和先前的量子研究比較，目前文獻上的應用大多使用量子金鑰分配協定，如BB84和E91，來建立一個保密性的金鑰，進而運用此一金鑰在直接通信的環境中達到確保傳輸機密性的要求。然而，在一般常見的情況下，信息傳遞的連接形式是屬於間接通信方式，在間接通訊環境下，在傳遞過程中，可能遭遇三種型態的攻擊，包括竊聽者、中間攻擊者及惡意節點，這種情形下的傳遞路徑稱為不安全的傳送路徑。在一個不安全的傳送路徑之下，我們不可能尋求一個安全傳送路徑來傳送量子訊息。對量子間接通訊而言，抵抗三種型態的攻擊和獲得安全傳輸的過程是個困難的工作。
對於量子間接通訊而言，我的論文是設計幾個傳遞機制來達到資料保密的目標，其主要分為下列幾個部份。對於量子認證而言，我們提出兩種類型的量子認證機制來解決在不安全的傳送路徑下發令者和接收器之間的識別問題，遠端雙方可以達到安全認證過程並且抵抗竊聽者和惡意節點的攻擊，根據物理特性，這些機制可以達到安全認證過程。對於量子偵測而言，發令者和接收器使用量子糾纏光子和協同合作電路來查出惡意節點之侵入行為，根據協同合作電路，接收器能夠獲得量子的原始狀態，因此可以查出惡意節點之攻擊行為。
對於量子傳輸而言，三個量子傳遞機制被提出，來達到在一個不安全的傳送路徑之傳遞機密性。這些機制可能抵抗攻擊的三種類型，並且讓接收器有判斷能力去決定所接受量子傳送框架是否滿足安全性要求，來決定接受與否，這是一個新的突破。對於量子簽章而言，客戶端和伺服器能使用量子分享密碼技術來獲取間接通訊下的安全簽章。如果量子安全密碼技術的這些應用可以成熟發展，那麼本研究所提出之量子傳遞機制，能夠保證於間接通訊條件下來達到量子訊息安全傳遞。

Recently, on the basis of advanced development in quantum transmission technology and quantum key distribution, the advanced techniques of quantum cryptography can be applied to the different security issues, including quantum authentication, quantum secure communication, quantum detection, quantum secure transmission and quantum signature. These applications let that quantum information networks will become realistic in the future.
Compared with quantum cryptography and classical cryptography, the major difference comes from the laws of physics.
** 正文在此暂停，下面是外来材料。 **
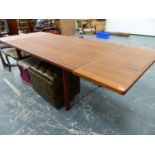 A LARGE MID-CENTURY DANISH TEAK EXTENDING DINING TABLE DESIGNED BY HENNING KJAERNULF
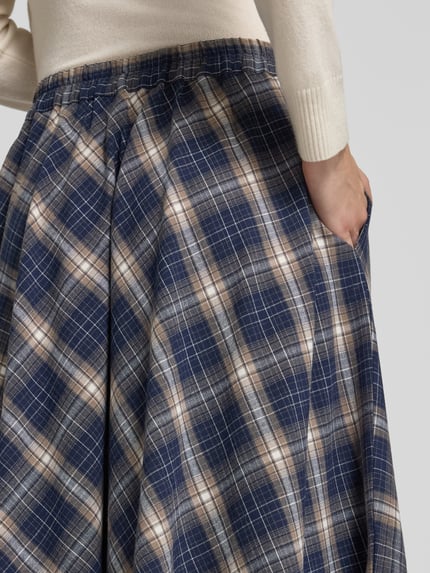 Frauenmodel trägt Midi-Rock mit asymmetrischem Saum Modell 'VMTILDA' von VERO MODA, kariertes Allover-Muster, Webware, Nahaufnahme Oberkörper.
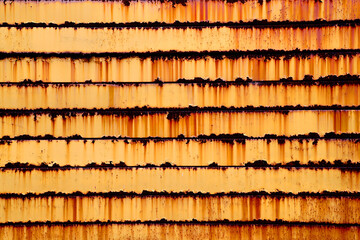 Heavy rusted orange iron wall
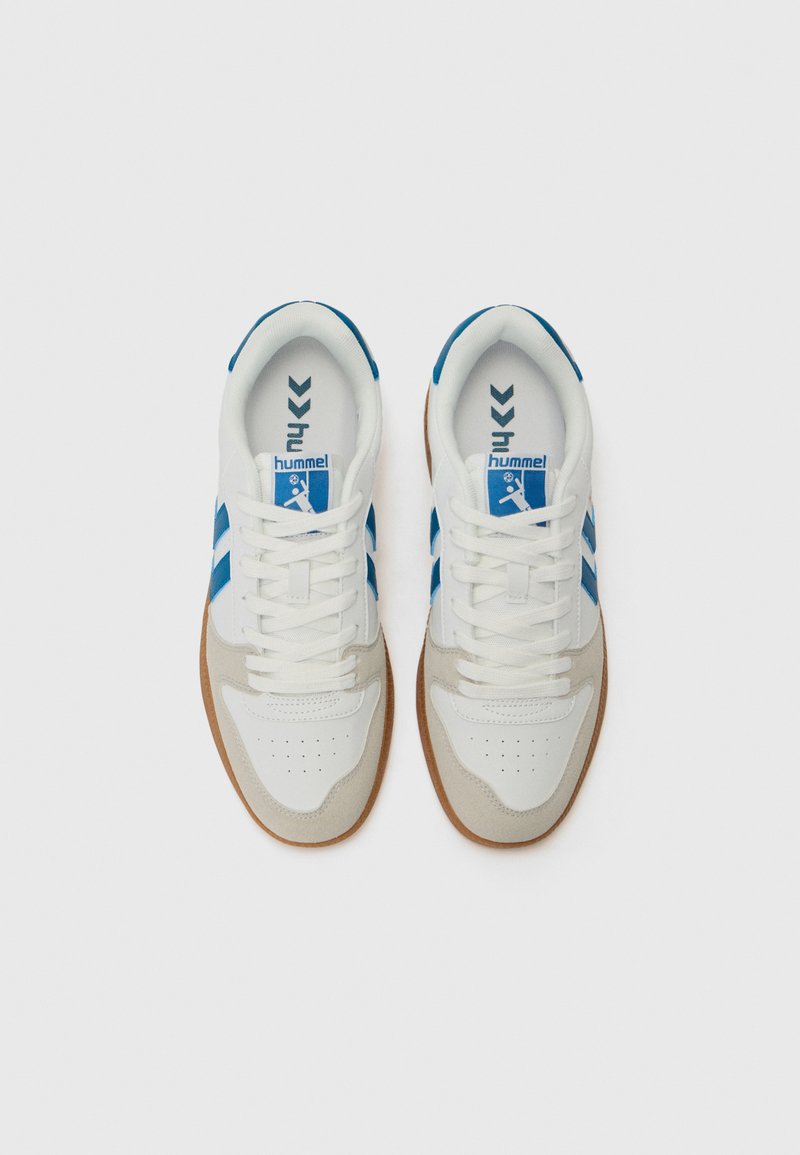 Zapatillas deportivas blancas con acentos azules, con un acabado suave y texturizado, puntera perforada y suela de goma. Dos franjas azules a cada lado.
Quantum channel is based on the laws of physics such as uncertainty principle, no-cloning theorem and quantum teleportation. These physical properties make quantum channel is more secure than classical channel. By using physical properties of quantum channel, we can detect eavesdropping and support secure direct communication. However, classical cryptography can not detect the presence of eavesdroppers, especially with wireless open medium. In regard to the time complexity, quantum cryptography algorithm based on the laws of physics is better than classical cryptography algorithm based on mathematical computation. For example, in the factoring problem, time complexity of quantum algorithm is polynomial time. Compared with classical cryptography algorithm, its time complexity is exponential.
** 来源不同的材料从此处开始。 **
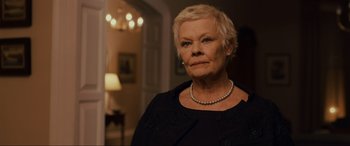 Movie still from “Skyfall” (2012), directed by Sam Mendes – An older woman wearing a black dress and a pearl necklace; Close Up shot, Low angle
Compared with previous quantum researches, these applications used quantum key distribution protocols such as BB84 and E91 to generate a secret key which can be used to achieve transmission integrity in the direct communication. However, in general, the connection type of transmitting message is indirect communication. Under the indirect communication, transmitting message from source to destination may pass through several intermediate nodes and communication channels. In the routing path, there are three types of attacks, including eavesdropping, man-in-the-middle attacks and malicious node. It is called an unsafe routing path. Under an unsafe routing path, we can not pursue the secure routing path to transmit quantum message. It is a difficult work to resist the previous attacks and get the secure transmission process for quantum indirect communication.
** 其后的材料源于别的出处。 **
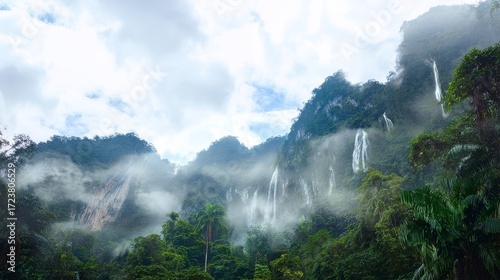 Fototapeta Naklejka Na Ścianę i Meble -  Tropical mountain jungle with waterfalls cascading down cliffs in misty atmosphere, high-resolution exotic wilderness landscape scene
For quantum indirect communication, this dissertation is to design several transmission mechanisms which are used to achieve the data security. This work includes the following parts. For quantum authentication, we present two types of quantum authentication mechanism that can solve the identification problem between the sender and receiver under the unsafe routing path. Two remote parties can achieve the secure authentication process to resist eavesdropping and malicious node. On the basis of the laws of physics, the secure authentication process can be achieved. For quantum detection, the sender and receiver can use quantum entangled qubits and a collaborative working circuit to detect the intrusive behavior of malicious node. Based on this circuit, the receiver can obtain the original quantum state of sending quantum qubits such that the intrusive behavior of malicious node can be detected.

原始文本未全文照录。